With GPS as the most common form of everyday navigation, cartography may seem like a lost art. But two History majors, David Bradley and Olivia Usilton, spent the summer with Associate Professor of History Qin Fang studying cartography and using digital tools to make centuries-old Chinese maps interactive and accessible.
“I was really excited to join Professor Fang on this project because I had never truly learned about reading maps,” says Bradley, a senior from Westminster, Maryland. “As a History major who hopes to get my master’s eventually, I’ve learned useful research skills.”
To begin their work in digital history, Bradley and Usilton examined a series of maps featuring a city in the Hangzou Bay region in China. The maps, from the years 1681, 1765, 1775, 1840, and 1922, allowed the students to compare differing representations of a single region and examine how it has changed over centuries.
Fang’s research interests involve regional history in early modern China, particularly through a lens of gender and sexuality, and she has conducted research with McDaniel students for seven years. She compares the Hangzou Bay region to Maryland’s own Chesapeake Bay region, especially when considering how human settlements influence and are influenced by ecological changes in an area.
The students worked to develop their “cartographical literacy,” says Fang, by identifying major landmarks and the conventions of Chinese maps from each time period. Historical Chinese maps, according to Fang, are often illustrative and represent a map-maker’s directional orientation and familiarity with an area.

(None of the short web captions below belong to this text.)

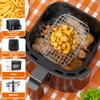 HONYAO Hot Air Fryer Accessories Stackable Cooking Grate for Dual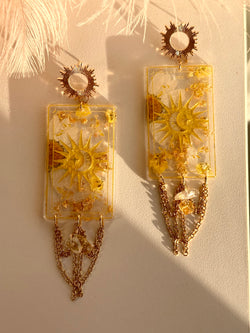 “The Sun” Tarot Card Carnelian and Citrine Earrings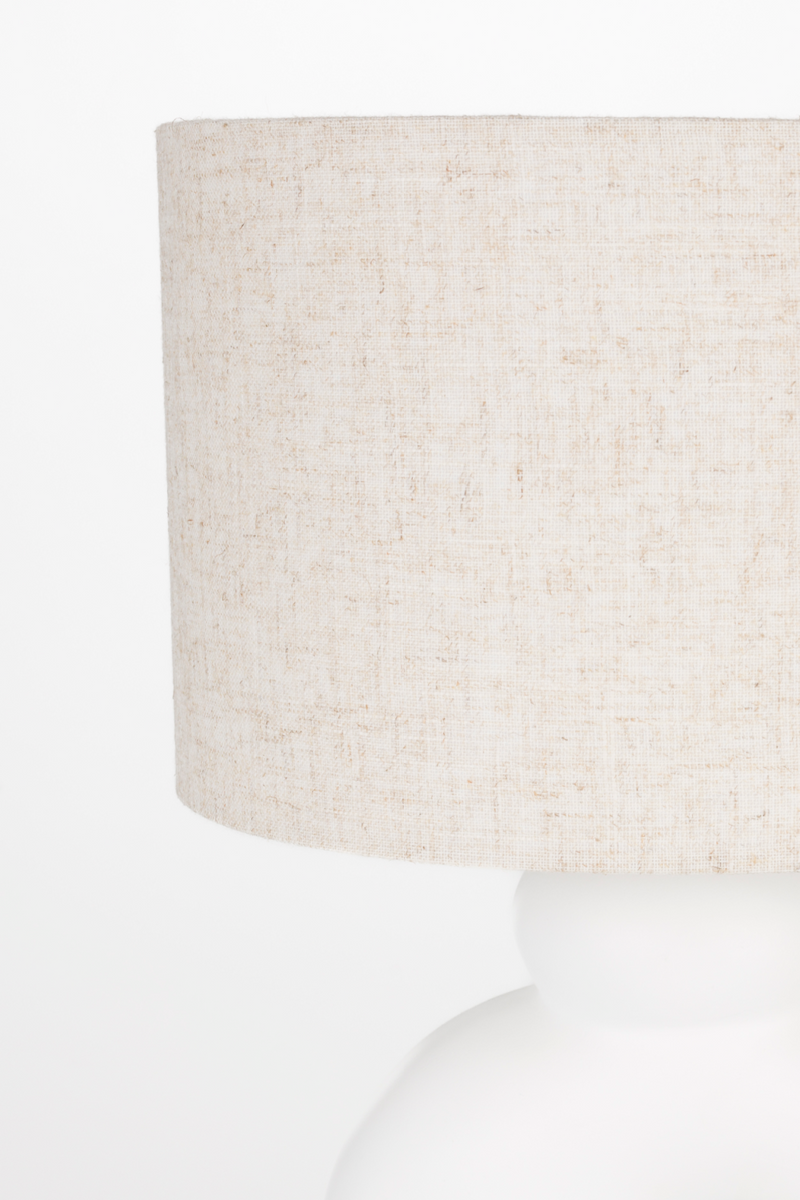 White Curved Table Lamp | Zuiver Bibi | Dutchfurniture.com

Many were transcribed from other versions, which leads to missing place names, unclear cardinal directions, and conflicting landmark placement. “Some of the maps were different based on what their purpose was,” added Bradley, such as one intended for travelers versus one used by local officials.
“Maps are political, and illustrations are political,” Fang says. “When you decide what will be included and what will be left out, that reveals which concerns are more important, and that’s what we try to figure out.”

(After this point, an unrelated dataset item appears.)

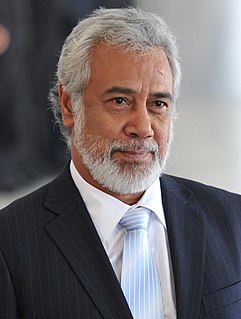 Xanana Gusmão 3rd President and 5th Prime Minister of East Timor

Usilton, a senior History major with a minor in Education, first had the idea to make the maps interactive using online software to solve a labeling issue. “I was staring at a map wondering how I was going to get 130 little boxes around the edges. And I was like, ‘There’s no way this is going to work,’” says Usilton, who is from West Chester, Pennsylvania.
Through her Education minor, Usilton had experience with Genially, a software that would allow the group to create interactive images with labels — one map has more than 150 — that appear at the click of a mouse. By creating digital versions of the maps, the students were able to compile an easily accessible resource for anyone investigating the region.

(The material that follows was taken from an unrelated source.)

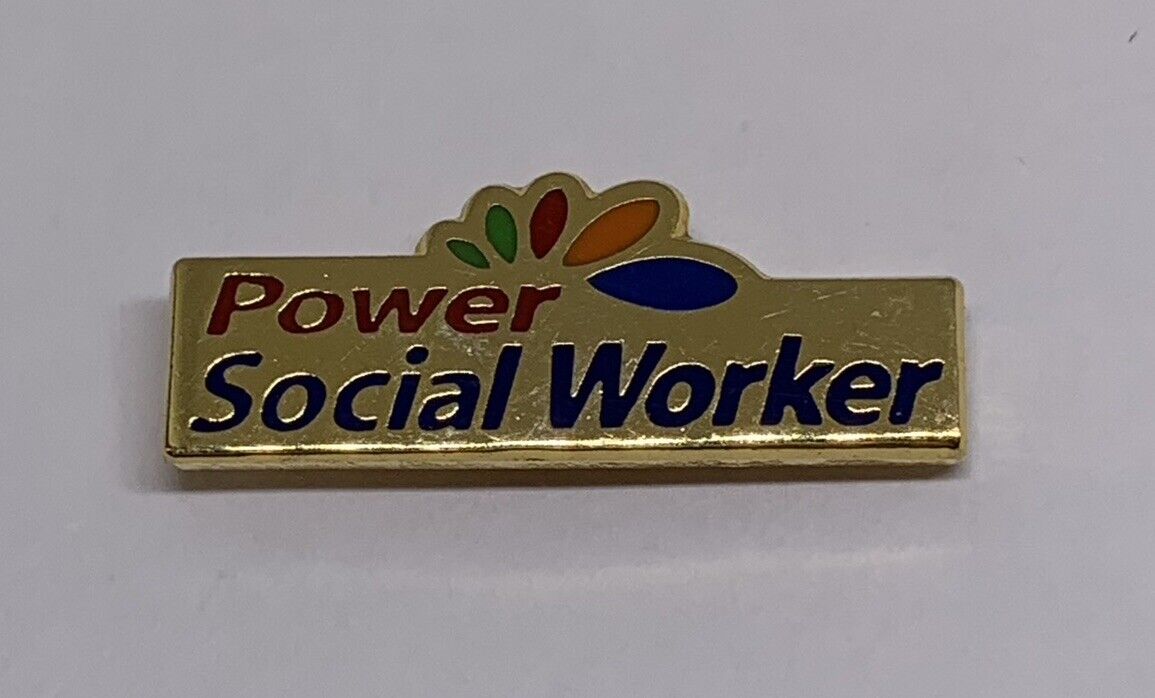 Power Social Worker Work Lapel Pin (109)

Usilton conducted research with Fang last year, but cartography was a new subject, she says. “I have a new appreciation for mapping. When we think of maps today, we think of our phones. Redrawing the maps made me realize how much detail goes into creating one,” she says.
A literature review provided the students with knowledge of local history, culture, agriculture, land taxes, and major locations. Of particular note in the maps are the wards and sub-wards of a regional city, which were used for taxation.
By tracking boundary changes in the wards, the researchers are able to note how ecological factors like flooding from a nearby seawall may have influenced the population, taxation, salt production, and other aspects of the region over time.
The research group also made a visit to Washington, D.C., to gain a sense of Chinese history at the National Museum of Asian Art, see Chinese agricultural plants at the U.S. Botanic Garden, and explore Chinatown.
“This summer research is an active learning experience that gives the students a lot of agency, which is very motivational,” Fang says. “I want to show them that in doing history, you are teaching other people how to read that part of history while also coming up with your own questions.”
The Student-Faculty Collaborative Summer Research Program is made possible through the support of donors and fulfills the My Experience requirement in the McDaniel Commitment. Each summer, the program provides eight weeks of focused research experience for students interested in a variety of fields.